Sunday, October 3, 2010

I'm White . . . I'd Forgotten


I don't know about you, but for a long time, I'd forgotten that I'm white. Last December, I realized that I had forgotten that I'm a white person. Yes, I have acknowledged that I'm a white guy in the past, and I'd attended various conferences on race relations, diversity, etc., but a fuller recognition of my whiteness had slipped away some. What a luxury it is to just be Greg! What a luxury to let my whiteness come and go and never stay too long! At last year's People of Color Conference (POCC, under the auspices of the National Association of Independent Schools), I didn't rediscover my whiteness because of all the people of color around me. No, I became white again when the students of color from my school became more attuned to being students of color.
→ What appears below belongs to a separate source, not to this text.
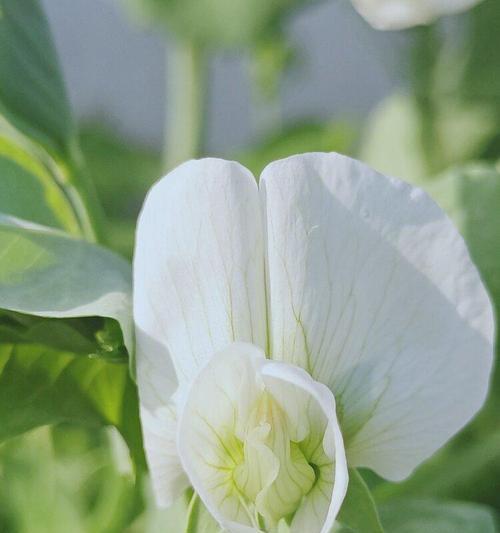 香碗豆花的花语与寓意（解读香碗豆花所代表的意义及其文化价值）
And they were fired up and clearly in need of talking about it with whomever cared about them. My initial reaction was to defer to our Multicultural Dean, to let him have those conversations because he'd want those conversations, and then it suddenly struck me that all of us should be able to have these conversations with these kids. That the kids should be feel not just comfortable having those conversations with all of us, but also confident that we had something to offer them that recognized them not just as wonderful kids, but as kids of color. So if I was going to have the conversations, I had to acknowledge for myself what is surely apparent to those kids in their fired up state of revelation: Greg is a white guy. If you're white like me, I think we need to make time to consider our whiteness, our consciousness of whiteness, our willingness to address our whiteness with others. I think we need to forego the luxury of not thinking about it . . . if, in fact, you're like me and you haven't had to think about it. Now, I know that my situation - white, male, straight, and at least raised Protestant -- confers a lot more of that luxury than it does for women, Jews, gays. But that whiteness advantage we all share is a substantial luxury. And it may be that people of color would be pleased to know that we address it now and then instead of letting it slip away out of consciousness.